Exercise requirements:
Below are records with pictures in them. Output exactly the lines from the one with "35 Shaker Bay Road Latham NY 12110" through the one with "WhatsApp Image 2023 02 17 at 18.57.14", both included, and leave every picture out; give only those lines.
++++ Data under study ++++
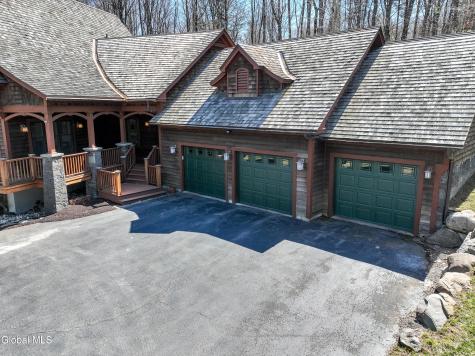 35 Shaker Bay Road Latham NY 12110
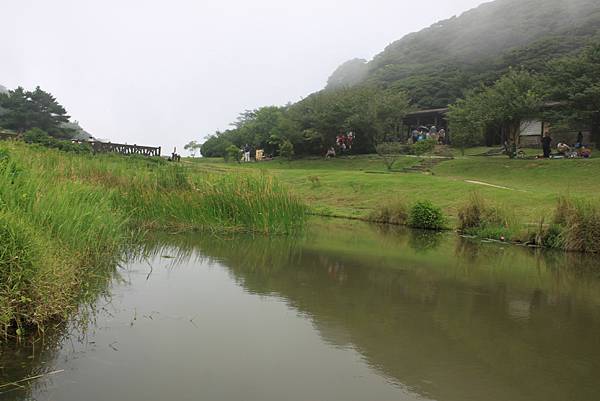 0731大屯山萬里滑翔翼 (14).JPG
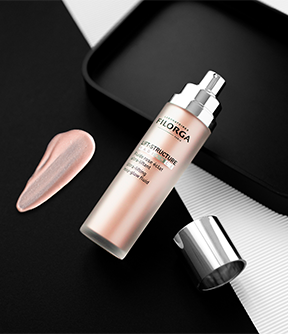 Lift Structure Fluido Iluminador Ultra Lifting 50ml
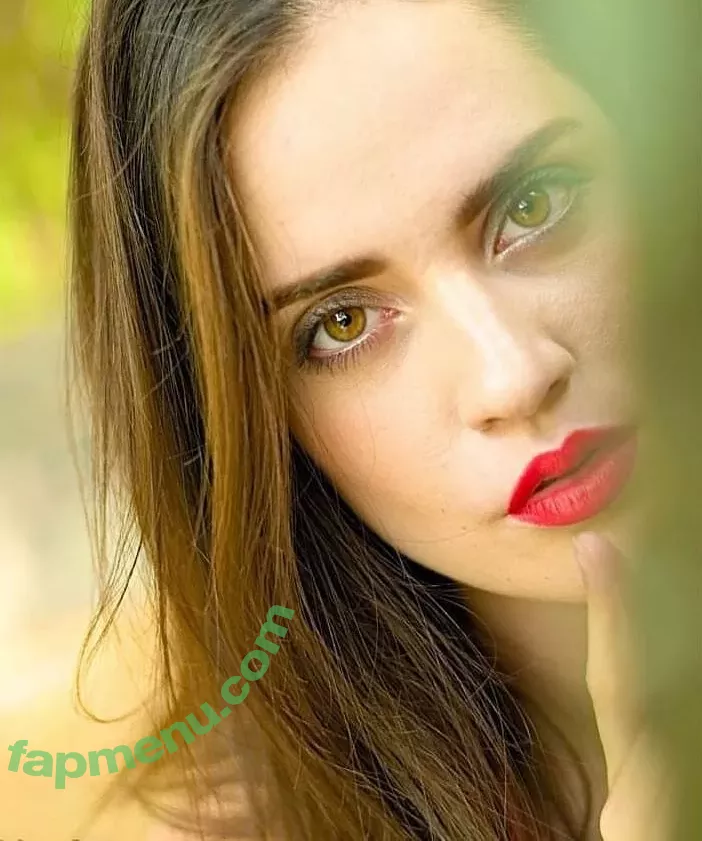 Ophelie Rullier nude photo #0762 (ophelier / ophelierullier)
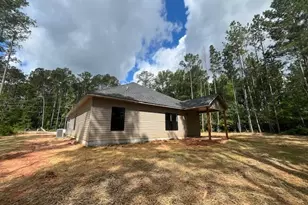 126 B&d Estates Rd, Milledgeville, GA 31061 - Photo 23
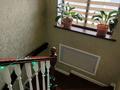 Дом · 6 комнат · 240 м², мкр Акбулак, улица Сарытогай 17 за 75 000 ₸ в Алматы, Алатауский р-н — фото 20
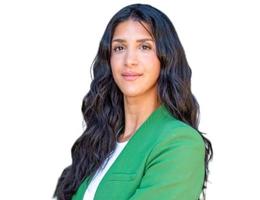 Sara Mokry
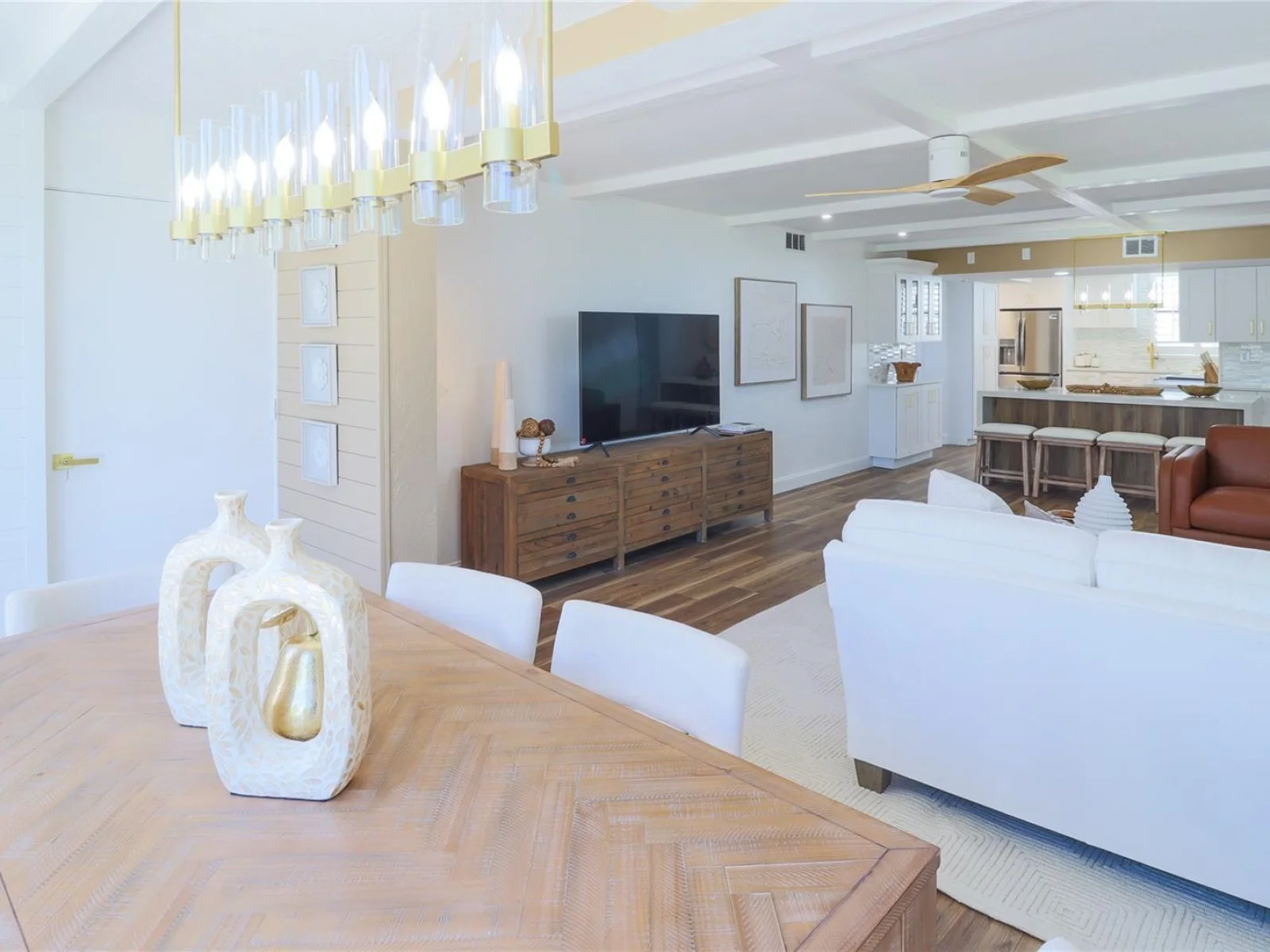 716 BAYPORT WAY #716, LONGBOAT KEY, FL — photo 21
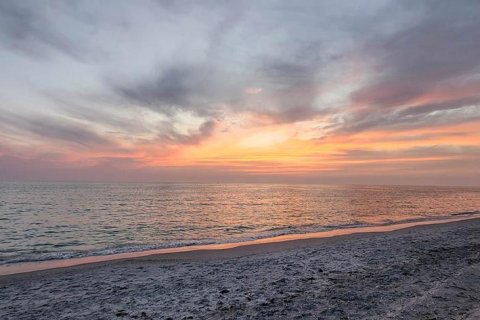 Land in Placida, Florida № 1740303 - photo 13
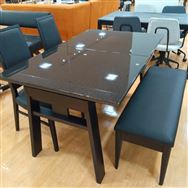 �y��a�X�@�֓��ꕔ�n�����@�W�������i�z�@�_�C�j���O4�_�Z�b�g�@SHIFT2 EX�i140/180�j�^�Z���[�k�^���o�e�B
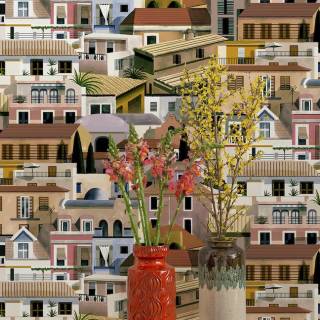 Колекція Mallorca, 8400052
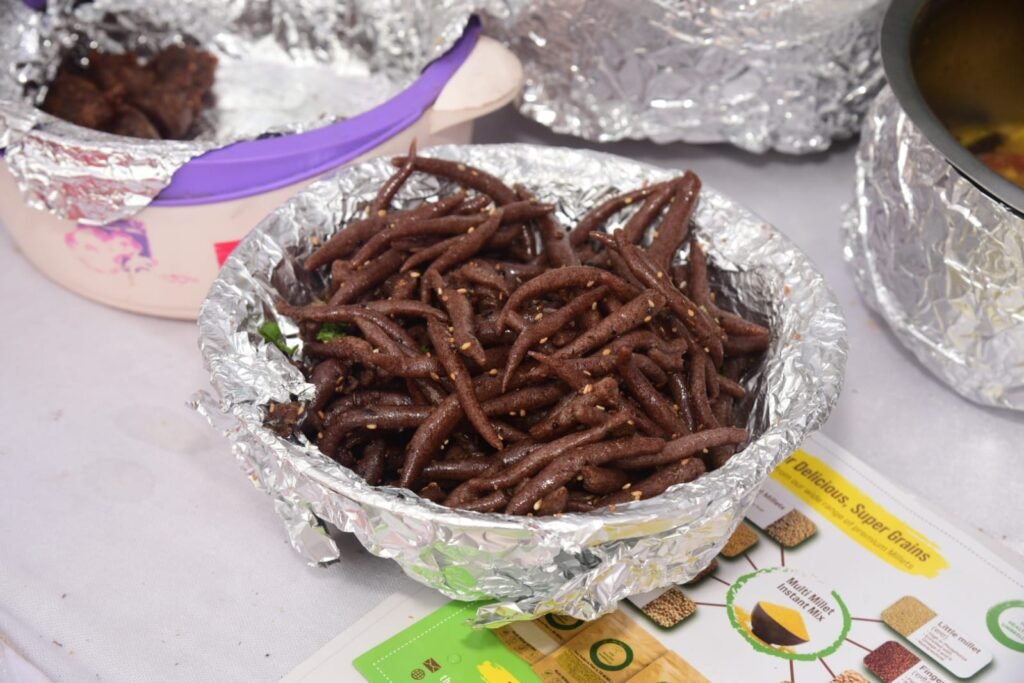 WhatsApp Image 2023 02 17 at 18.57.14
++++
++++ Data under study ++++
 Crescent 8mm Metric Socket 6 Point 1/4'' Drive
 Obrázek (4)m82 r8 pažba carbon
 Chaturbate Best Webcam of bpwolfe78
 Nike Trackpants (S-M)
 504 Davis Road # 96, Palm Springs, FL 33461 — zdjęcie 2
++++
++++ Data under study ++++
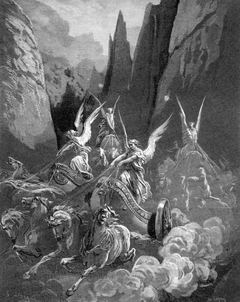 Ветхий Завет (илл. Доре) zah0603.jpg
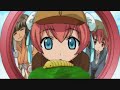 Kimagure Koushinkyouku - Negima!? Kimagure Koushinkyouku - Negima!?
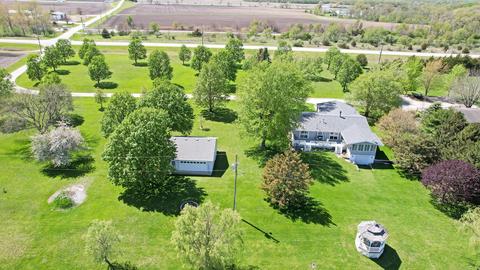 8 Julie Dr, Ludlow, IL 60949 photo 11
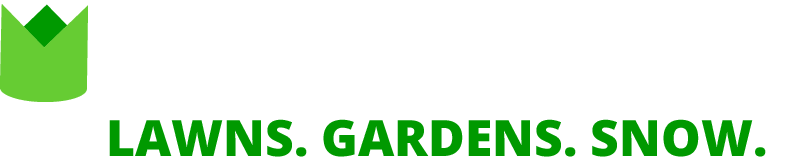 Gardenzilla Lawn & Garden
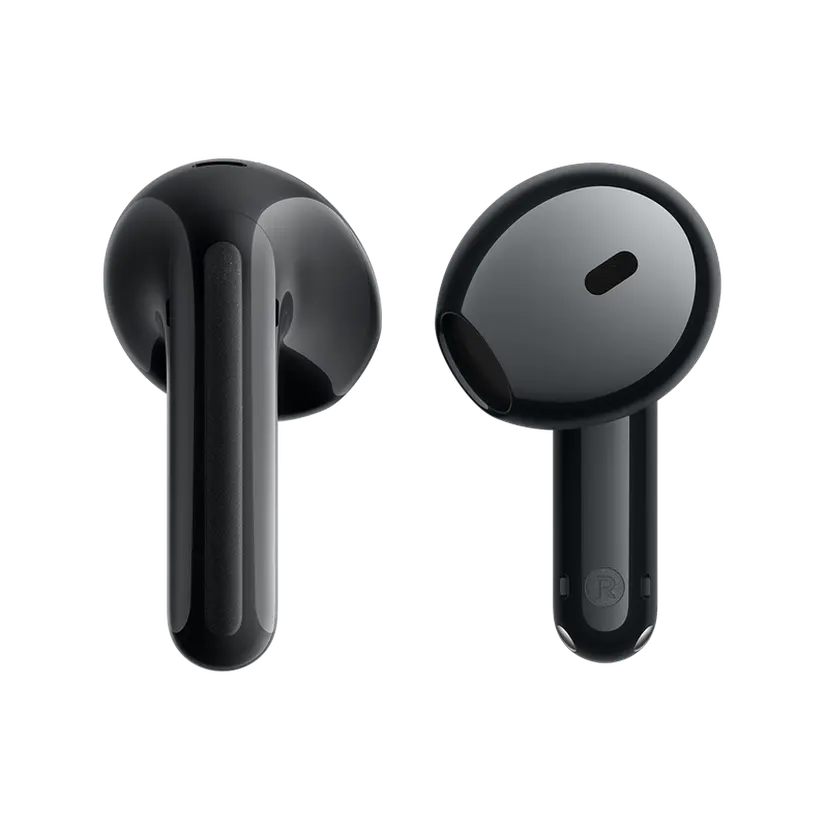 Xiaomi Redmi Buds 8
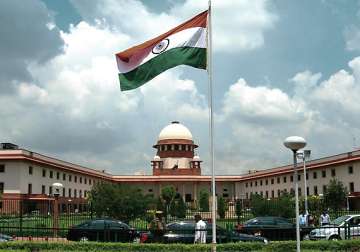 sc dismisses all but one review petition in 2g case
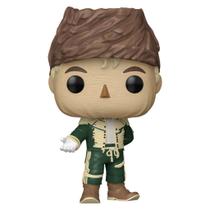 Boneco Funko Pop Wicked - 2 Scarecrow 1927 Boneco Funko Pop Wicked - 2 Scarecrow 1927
++++
Task answer:
 35 Shaker Bay Road Latham NY 12110
 0731大屯山萬里滑翔翼 (14).JPG
 Lift Structure Fluido Iluminador Ultra Lifting 50ml
 Ophelie Rullier nude photo #0762 (ophelier / ophelierullier)
 126 B&d Estates Rd, Milledgeville, GA 31061 - Photo 23
 Дом · 6 комнат · 240 м², мкр Акбулак, улица Сарытогай 17 за 75 000 ₸ в Алматы, Алатауский р-н — фото 20
 Sara Mokry
 716 BAYPORT WAY #716, LONGBOAT KEY, FL — photo 21
 Land in Placida, Florida № 1740303 - photo 13
 �y��a�X�@�֓��ꕔ�n�����@�W�������i�z�@�_�C�j���O4�_�Z�b�g�@SHIFT2 EX�i140/180�j�^�Z���[�k�^���o�e�B
 Колекція Mallorca, 8400052
 WhatsApp Image 2023 02 17 at 18.57.14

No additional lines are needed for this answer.